Peristiwa

H.Cecep akhirnya Terpilih menjadi Ketua PGRI Kota Tasikmalaya

adminsigiku.com
×

H.Cecep akhirnya Terpilih menjadi Ketua PGRI Kota Tasikmalaya

Sebarkan artikel ini

Keterangan Foto : H.Cecep Susilawan,S.Pd.MM – KETUA PGRI Kota Tasikmalaya terpilih Periode 2025-2030

Pewarta : Tono Efendi

Koran SINAR PAGI, Kota Tasikmalaya,- H.Cecep Susilawan,S.Pd.MM, akhirnya terpilih menjadi Ketua PGRI (Persatuan Guru Republik Indonesia) Kota Tasikmalaya masa Bhakti XXIII tahun 2025-2030 pada acara Konferensi PGRI Kota Tasikmalaya yang digelar di Hotel Horison Tasikmalaya, Sabtu (31/5/2025).

Dalam konferensi tersebut, H.Cecep berhasil meraih suara dukungan terbanyak dari ke tiga kandidat calon ketua lainnya seperti, Abdul Falah, H. Yonandi, dan Nana Hermawan.

Dalam sambutannya, H. Cecep menegaskan komitmennya untuk membawa PGRI sebagai organisasi profesi yang profesional, dinamis, bermartabat, sejahtera, dan terlindungi.

Dia pun menyebut, sesuai dengan visi yang sudah dirancang, PGRI kedepan diharapkan menjadi wadah organisasi profesi yang tidak hanya profesional tapi menciptakan kesejahteraan.

“PGRI tentunya harus mampu menjadi mitra strategis Pemerintah Kota Tasikmalaya dalam menjalankan program-program prioritas yang berkaitan dengan dunia pendidikan,” tegas H.Cecep yang kesehariannya menjabat Kabid PGTK di Dinas Pendidikan Kota Tasikmalaya.

Terkait dinamika internal selama konferensi, Ia pun menekankan pentingnya rekonsiliasi antar kandidat.

“ Dalam kesempatan ini, Izinkan sepekan kedepan kami membangun kolaborasi dan rekonsiliasi agar tidak ada kesan buruk yang membekas dari konferensi ini. Kita netralkan semua demi tanggung jawab bersama memajukan PGRI Kota Tasikmalaya,” ungkapnya.
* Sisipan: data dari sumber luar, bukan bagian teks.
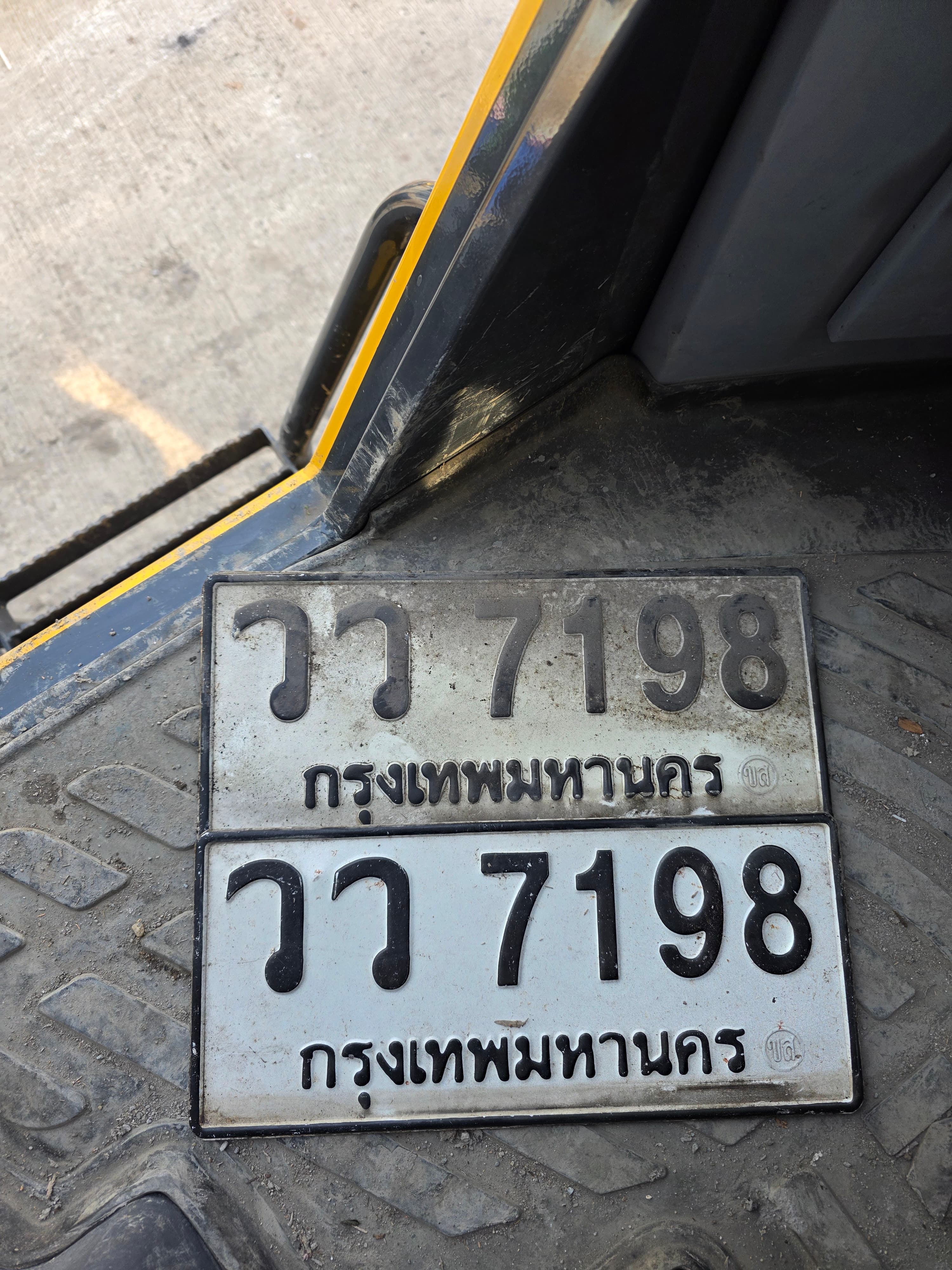 ภาพถ่ายจริงของป้าย วว 7198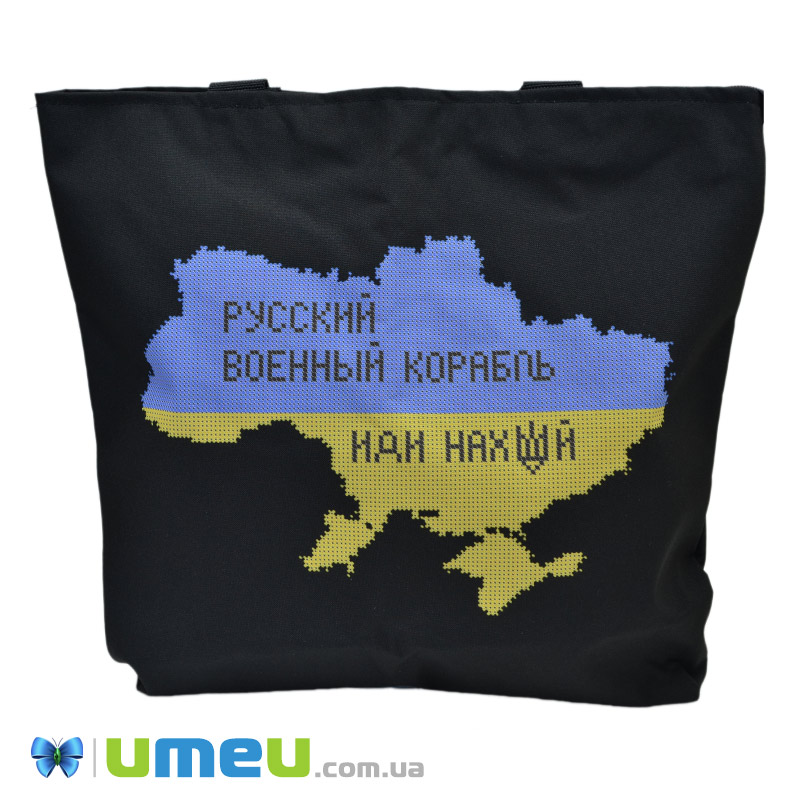 Сумка с принтом под вышивку, Карта Украины, Черная (SXM-044484)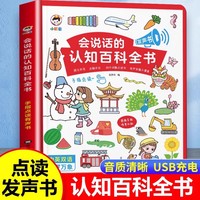 会说话的认知百科全书 幼儿启蒙儿童益智玩具会说话的早教有声书 幼小衔接语数英儿童学习机发声早教机 宝宝手指点早教有声书启蒙教材 宝宝益智启蒙有声书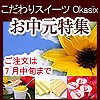 �n���������i�������������j/Okasix�i�������������j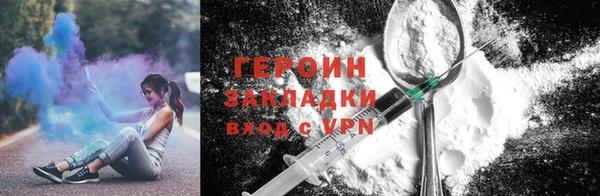jwh Нефтекумск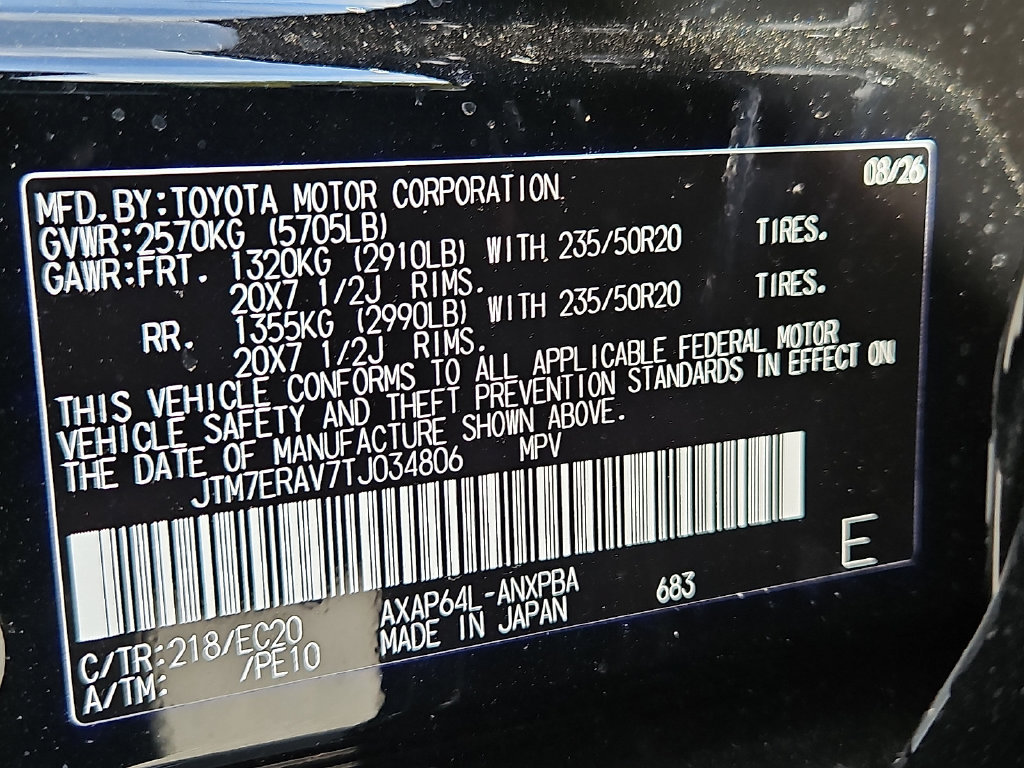 New 2026 Toyota RAV4 XSE w/ Panoramic Sun Roof Package AWD/4WD image 19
Lebih lanjut, Ia menyoroti belum hadirnya perlindungan hukum yang memadai bagi guru. Menurutnya, hari ini undang-undang perlindungan anak sudah ada, tetapi perlindungan untuk guru belum hadir.

“Ini menjadi pekerjaan rumah kita bersama PGRI Kota Tasikmalaya, yang dalam waktu dekat ini akan mendorong ke tingkat PGRI Provinsi dan PB Pusat agar undang-undang perlindungan guru segera diwujudkan,” katanya.
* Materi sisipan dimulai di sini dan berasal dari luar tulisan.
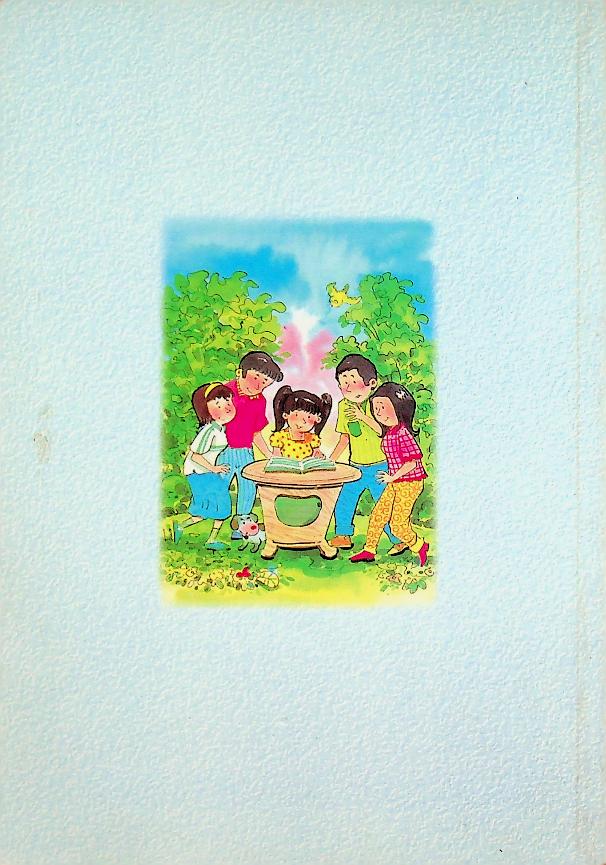 สมุดคู่ใจ คู่มือ นักเรียนชั้นมัธยมศึกษา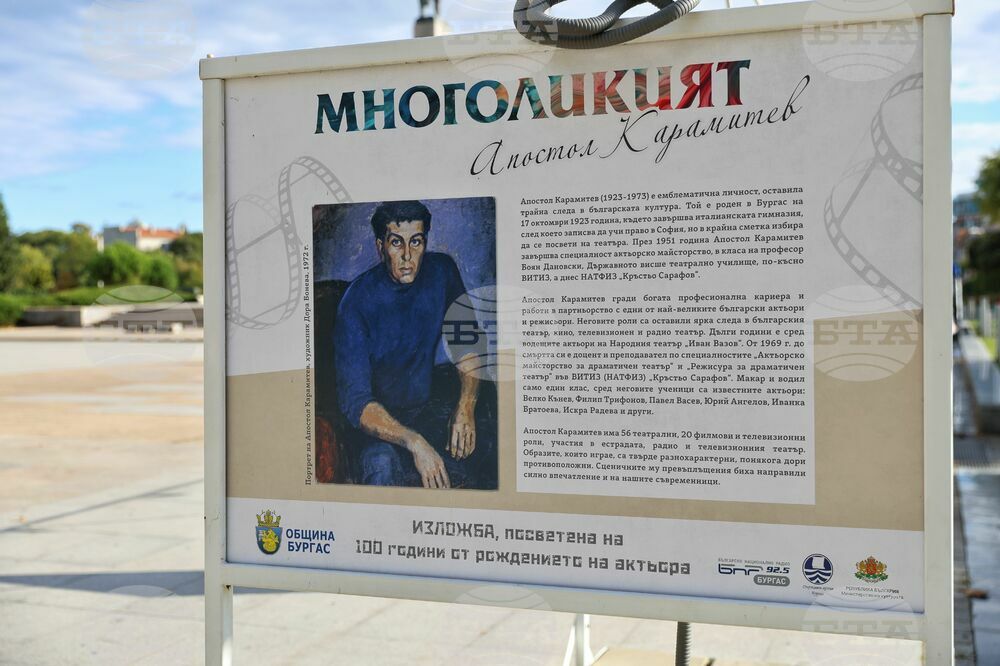 Бургас - "Многоликият Апостол Карамитев" - изложба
Menyinggung tentang kesejahteraan, dirinya menilai APBD Kota Tasikmalaya harus tetap menjadi daya dukung, namun tidak menutup kemungkinan untuk mengupayakan komunikasi lebih intensif dengan pemerintah daerah.
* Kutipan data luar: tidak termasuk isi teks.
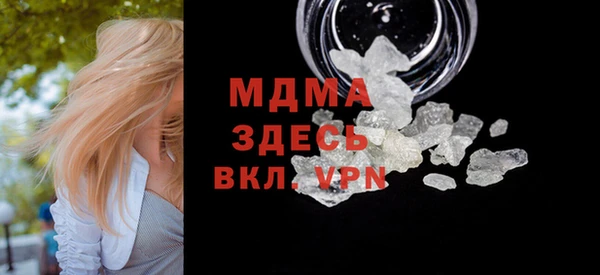 твердый Алексеевка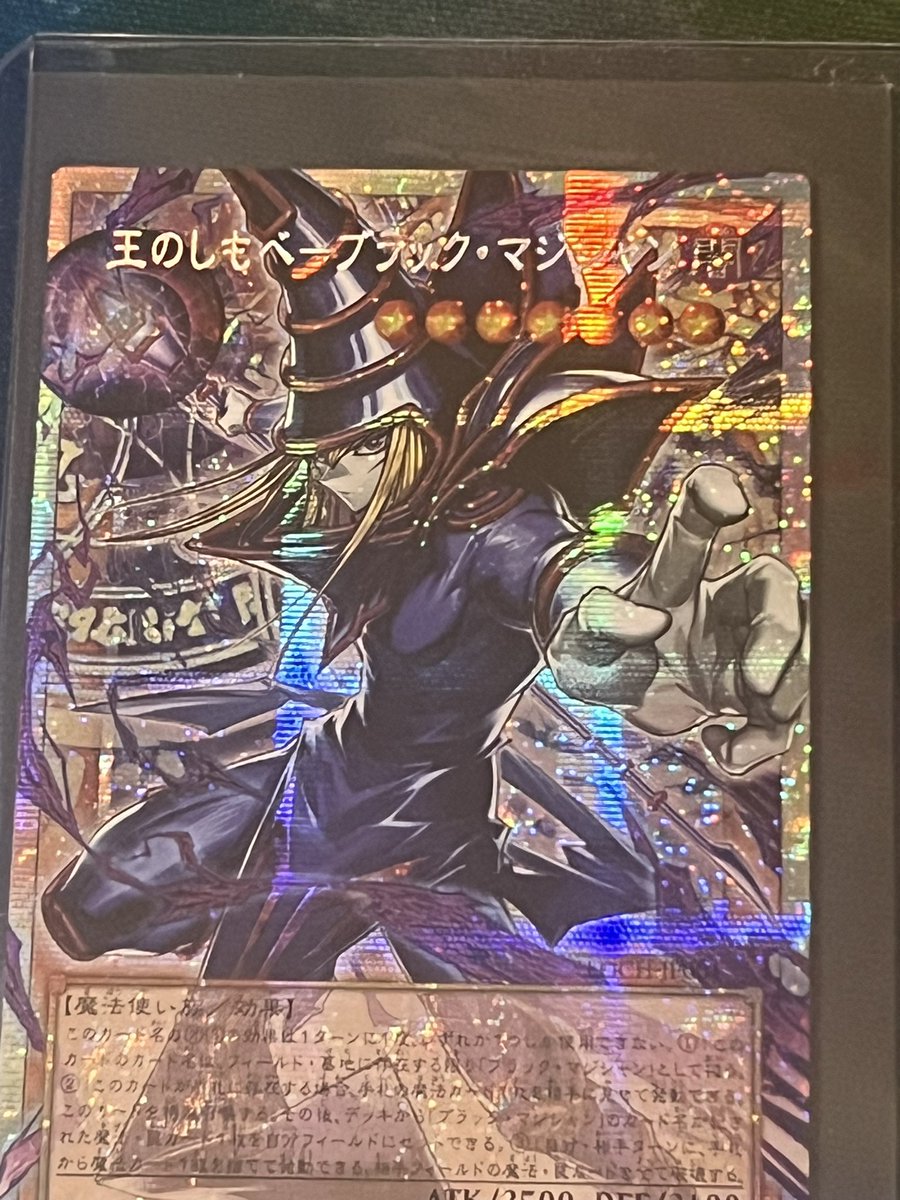 Jeffrey Sondheimer Birdwatcherhawk Po go trainer tweet media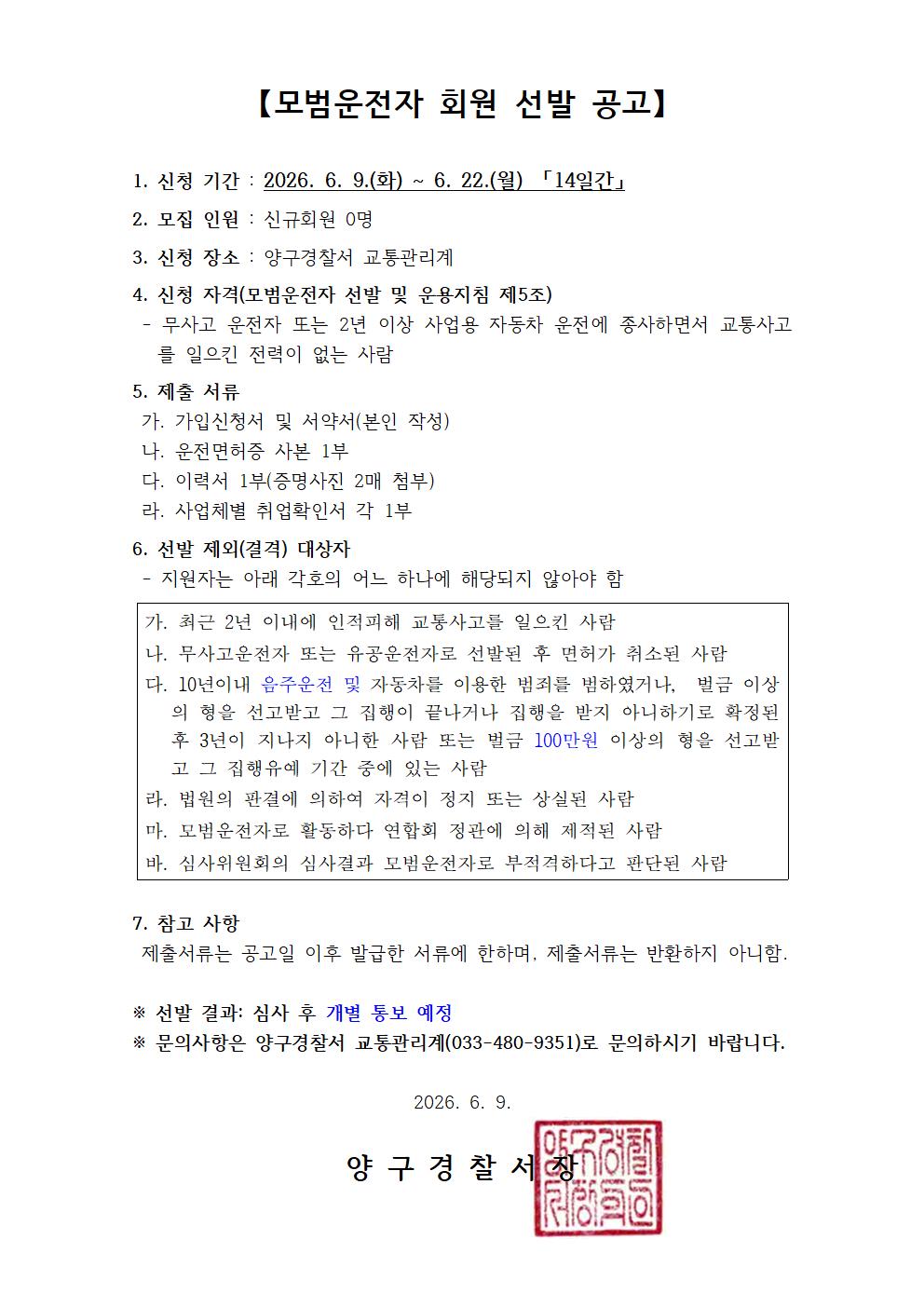 양구경찰서 모범운전자 모집 공고 -2026년 모범운전자 회원 선발 공고001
“Salah satu fokus kita ke depan adalah memperjuangkan insentif guru, peningkatan kompetensi, pemetaan dan pemerataan tenaga pendidik, hingga regulasi pendidikan termasuk perda dan dewan pendidikan,” ucapnya.

Cecep menambahkan, pengurus PGRI yang baru akan membentuk tim kerja lintas jenjang, lintas gender, serta melibatkan seluruh stakeholder, termasuk keterwakilan cabang agar semua aspirasi dari bawah bisa tersampaikan secara efektif.

Menanggapi isu minor terkait aset Gedung PGRI Kota Tasikmalaya, H. Cecep menegaskan bahwa hal tersebut telah tertuang dalam laporan pertanggungjawaban pengurus sebelumnya.

“Gedung PGRI adalah warisan yang harus dijaga dan dirawat bersama. Fakta lapangan sudah jelas, semoga tidak ada pihak yang kembali mempermasalahkan aset tersebut. Ini bagian dari kenyamanan kami dalam bekerja,” pungkasnya seraya berujar dengan semangat kolaboratif dan arah baru yang dibawa oleh pengurus terpilih, PGRI Kota Tasikmalaya optimistis dapat memberikan kontribusi nyata bagi kemajuan pendidikan dan kesejahteraan guru di Kota Tasikmalaya.